Damages Defendant Received for Prison Mistreatment Can Be Taken for Restitution

U.S. v. Simpson-El, 2017 WL 2125891 (5/17/17) (Kan.) (published) - The 10th affirms the district court taking for a restitution payment most of Mr. Simpson-El's money he received as damages for prison mistreatment. The district court had ordered Mr. Simpson-El to pay over $400,000 in restitution at the rate of 5% of his gross monthly income. While imprisoned he was injured and then received inadequate medical care. He received a $200,000 settlement. The district court took over $145,00 for restitution. Mr. Simpson-El contended that was wrong because there was no material change in economic circumstances as required by 18 U.S.C. ยง 3664(k) to justify a restitution change. He argued the settlement was for the loss of future income, i.e., income that was the basis for the original restitution order.

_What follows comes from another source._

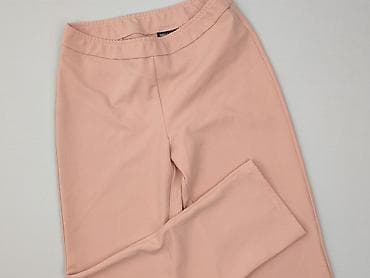 Spodnie damskie, rozmiar S w lalafo.pl Spodnie damskie, rozmiar S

The 10th does not buy that. First, it says the settlement could have been at least in part for lost quality of life. Damages for that would be fair game, the 10th indicates. Second, with the use of charts [Judge Bacjarach's thing], the 10th illustrates that, even if the damages were for loss of future income, Mr. Simpson-El's economic circumstances changed because he got money sooner than he would have if his earning potential would only have been realized in the future. This seems like it might ignore the fact that the settlement probably reflected a discounted value of the future income lost. The 10th assures us its holding does not mean every personal injury settlement would allow for quicker restitution payments.